Repeat word for word the lines from the one containing "Once the licensor" to the end of the material below, and leave all pictures out.
[Supplied data — start]
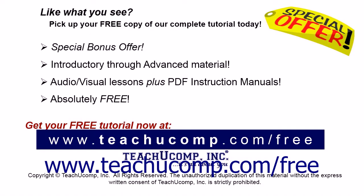Like what you see? Pick up your free copy of the complete tutorial at www.teachucomp.com forward slash free.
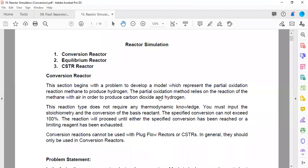Once the licensor hands over the PDP, an EPC company takes over. The work that the licensor completes in three to four months takes the EPC company at least one and a half to two years to execute fully. The scope is clearly divided: reactor and column parameters fixed by the licensor are not modified by the EPC company.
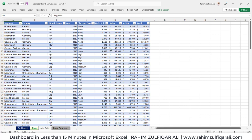Hi, this is Rahim Zulfaqareli from Excel Basement. In this video, we will learn how to create a dashboard in less than 15 minutes in Microsoft Excel.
[Supplied data — finish]
** Answer section **
Once the licensor hands over the PDP, an EPC company takes over. The work that the licensor completes in three to four months takes the EPC company at least one and a half to two years to execute fully. The scope is clearly divided: reactor and column parameters fixed by the licensor are not modified by the EPC company.
Hi, this is Rahim Zulfaqareli from Excel Basement. In this video, we will learn how to create a dashboard in less than 15 minutes in Microsoft Excel.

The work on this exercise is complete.